-------- Input material

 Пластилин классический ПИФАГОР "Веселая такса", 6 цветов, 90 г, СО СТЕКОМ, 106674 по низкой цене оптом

----------------
-------- Input material

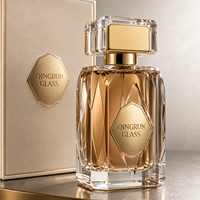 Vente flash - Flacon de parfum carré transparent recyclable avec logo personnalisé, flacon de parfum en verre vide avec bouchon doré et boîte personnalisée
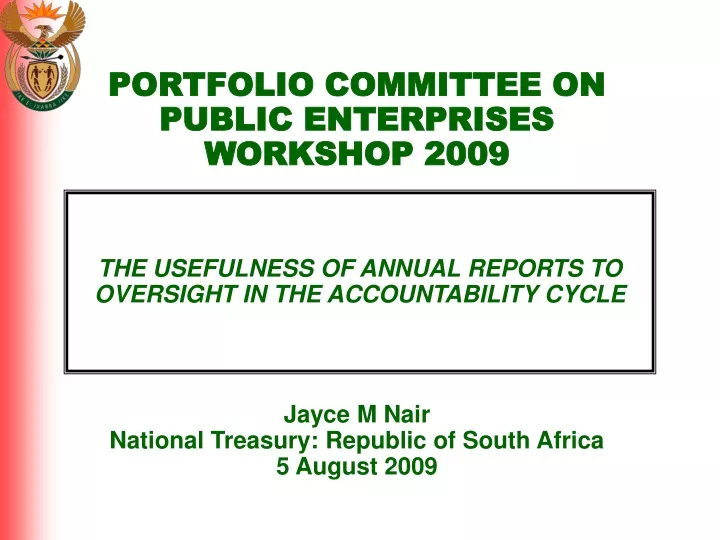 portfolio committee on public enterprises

----------------
-------- Input material

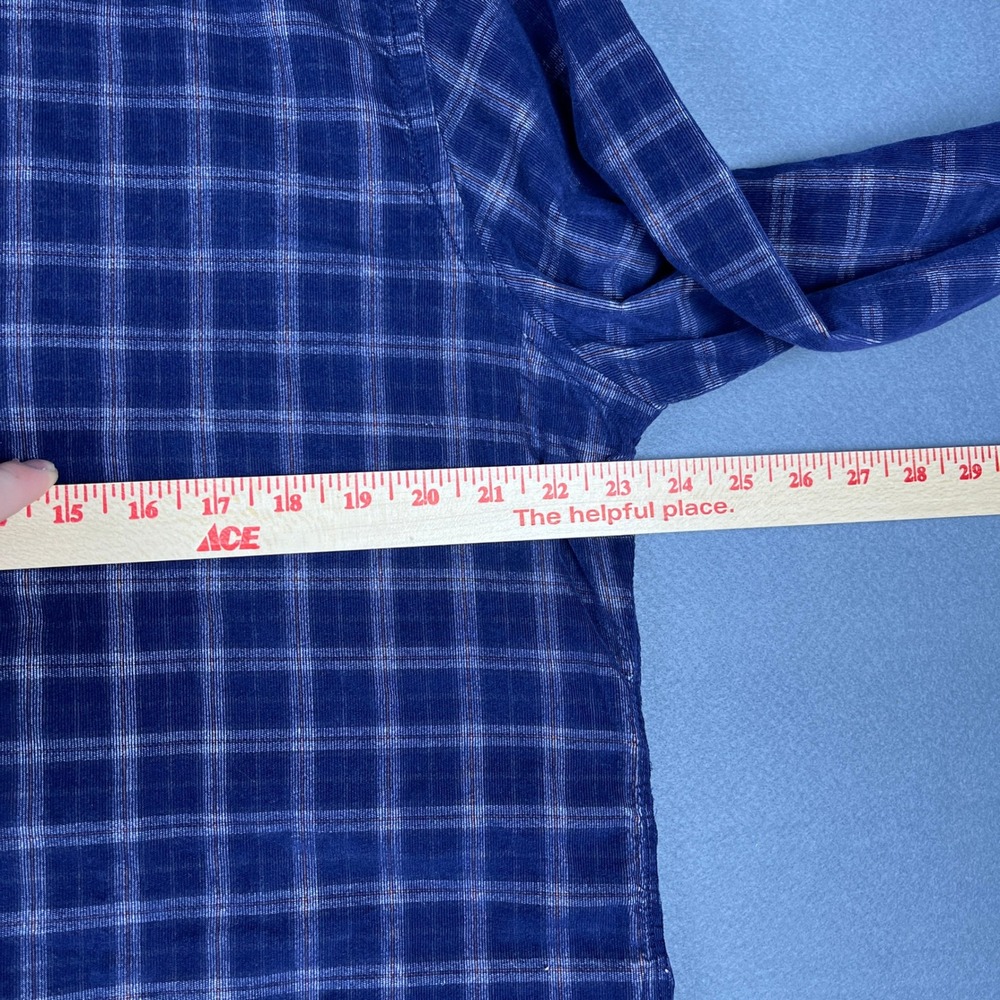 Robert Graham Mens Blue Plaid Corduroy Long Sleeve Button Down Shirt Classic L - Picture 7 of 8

----------------

Look above for the line with "Vente flash - Flacon"; quote it and every line after it, stopping after the line with "portfolio committee on public enterprises", exactly, with nothing added and without pictures.

 Vente flash - Flacon de parfum carré transparent recyclable avec logo personnalisé, flacon de parfum en verre vide avec bouchon doré et boîte personnalisée
 portfolio committee on public enterprises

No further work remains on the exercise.